Les médecins sont bien placés pour le savoir... mais rien à faire. "Je croyais les discriminations terminées, cette fois a été celle de trop. Qui plus est par un docteur. J’ai appelé Sida info service qui m’a conseillé de saisir le Défenseur des droits. Au début, ça me faisait peur. Aller en justice me faisait peur. Je ne suis pas habituée... mais l’association Aides m’a soutenue. J’ai compris que je ne pouvais plus passer ces comportements sous silence."

Martine reprend son dossier et poursuit: "En juillet, le Défenseur des droits sollicite Madame L. pour avoir sa version des faits, mais n’a pas eu de réponse. En septembre, l’Ordre des médecins n’a également pas eu de réponse à son courrier".

Puis, une lettre de Madame L. finit par lui être transmise via l’Ordre. "Elle arguait qu’il lui restait quelque appréhension autour du VIH datant des premières années de recherche où elle avait lu dans une revue médicale que certaines personnes avaient été contaminées sans aucun facteur de risque", fulmine la sexagénaire.

"Que les autres victimes ne restent pas muettes"

Martine finit par obtenir une audience devant le conseil de l’Ordre en février 2019. "Ni la docteur ni son avocat n’étaient présents", se souvient-elle. Le conseil renvoie donc son dossier à la chambre disciplinaire.

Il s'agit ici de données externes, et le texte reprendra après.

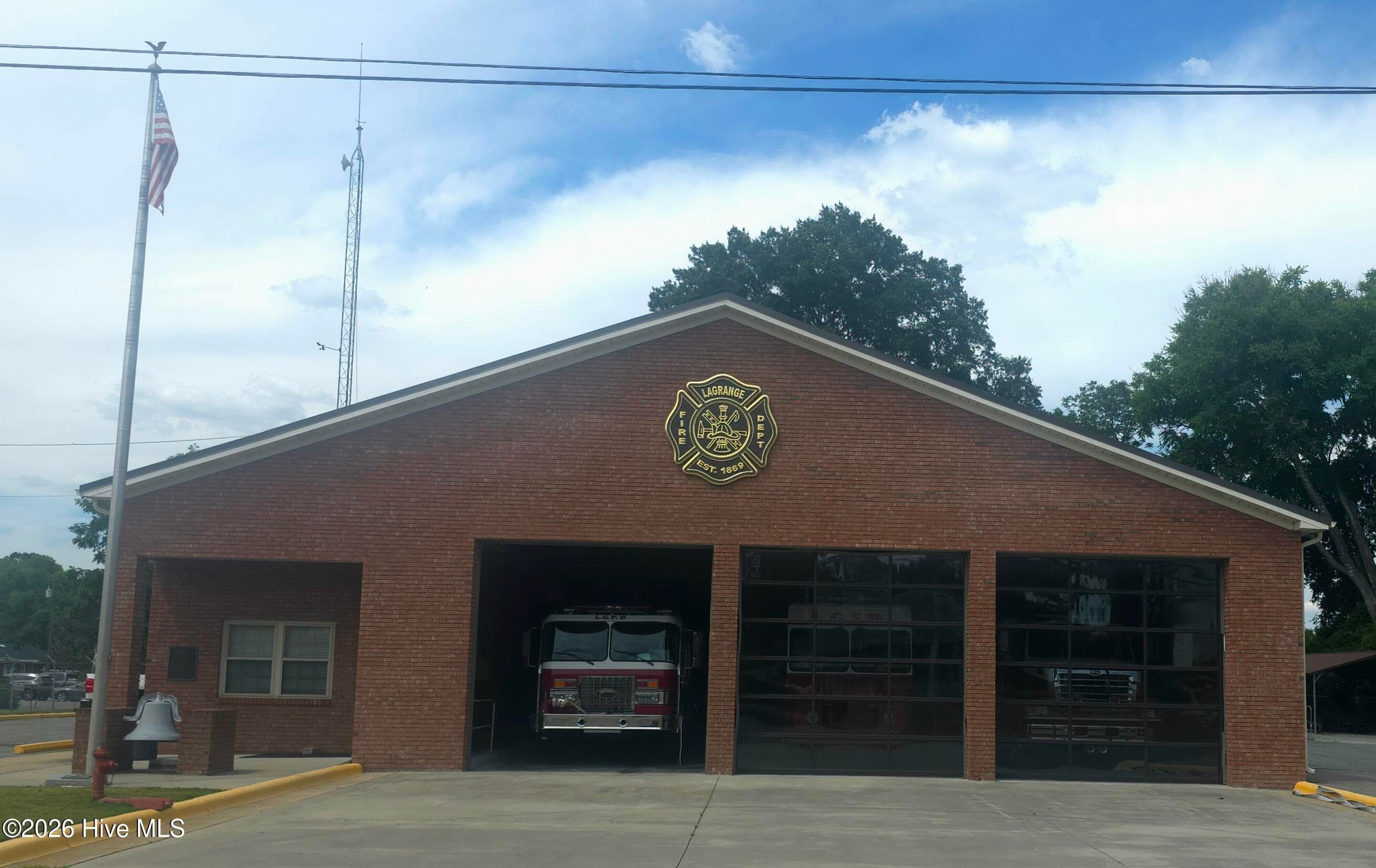 La Grange Fire Department - 407 S Carey Street Lot 67, La Grange, NC 28551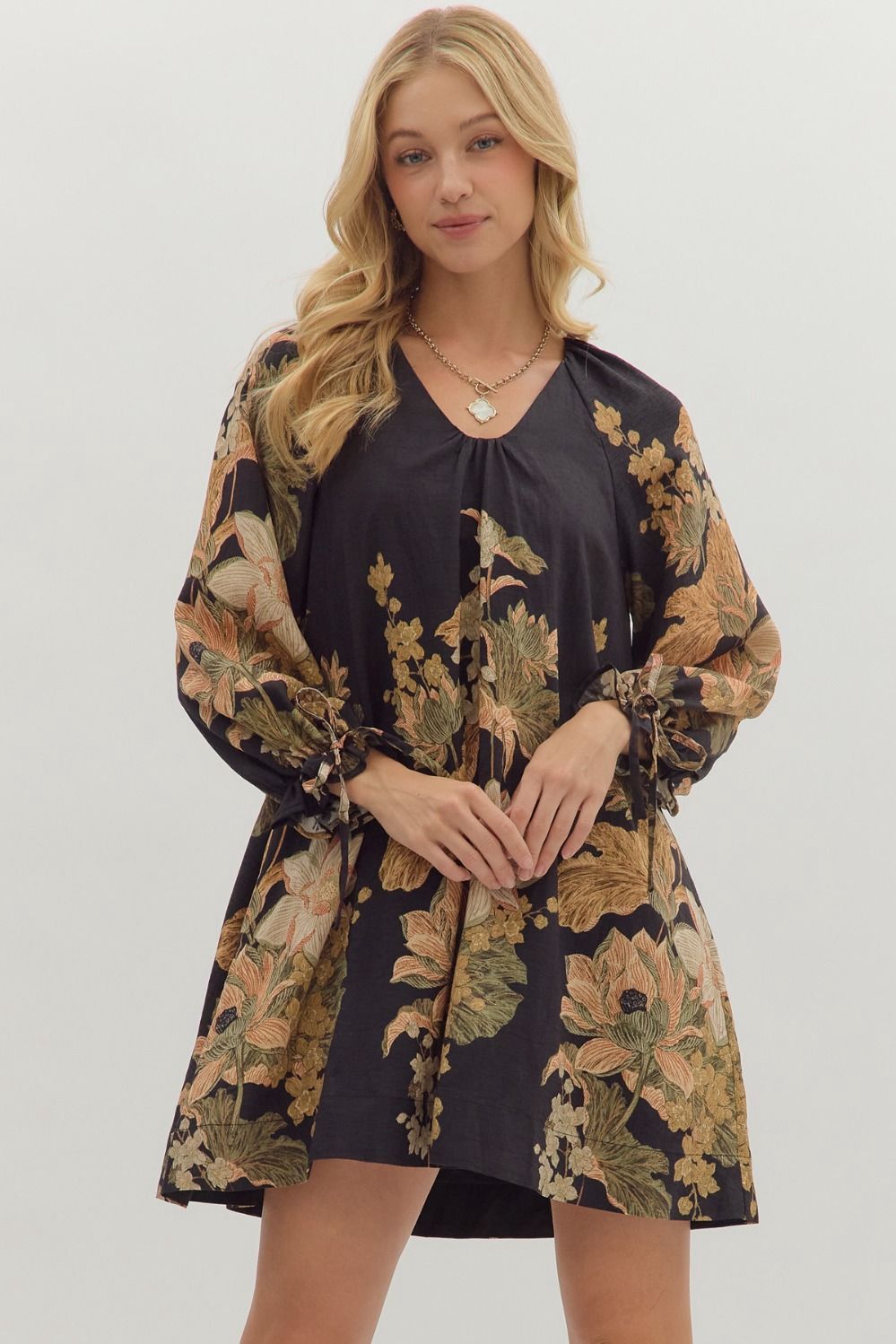 Virginia Floral Dress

"Vivant sous le seuil de pauvreté, j’ai pensé à un moment que je ne pourrais continuer." Et puis avec l’aide juridictionnelle et le soutien d’Aides, elle rencontre une avocate qui accepte de la défendre en renonçant à une partie de ses honoraires.

L’audience a lieu le 18 décembre dernier. "On ne m’a demandé si je pensais qu’on pouvait me guérir du sida avec de l’homéopathie. Ce n’est bien évidemment que pour de petits rhumes que j’ai voulu faire appel à une homéopathe, et non pour traiter le sida", rit, jaune, Martine. "Le pire a été quand l’avocat du docteur L. a souligné que ma séropositivité m’avait rendu émotionnelle et que j’avais surréagi aux événements. J’ai dû serrer les poings pour me tenir tranquille."

Le verdict tombe le 10 janvier dernier: la chambre disciplinaire de première instance de l’Ordre des médecins note "que le médecin mis en cause a déclaré à la plaignante qu’elle craignait le virus HIV". Le docteur L. écope d’un avertissement.

"Ca n’a l’air de rien et je n’ai pas obtenu quelque somme d’argent que ce soit, mais j’ai ressenti un grand soulagement. Cette décision est gravée dans le marbre et j’espère qu’elle incitera tous ceux qui victimes de discrimination à ne plus passer ces actes sous silence."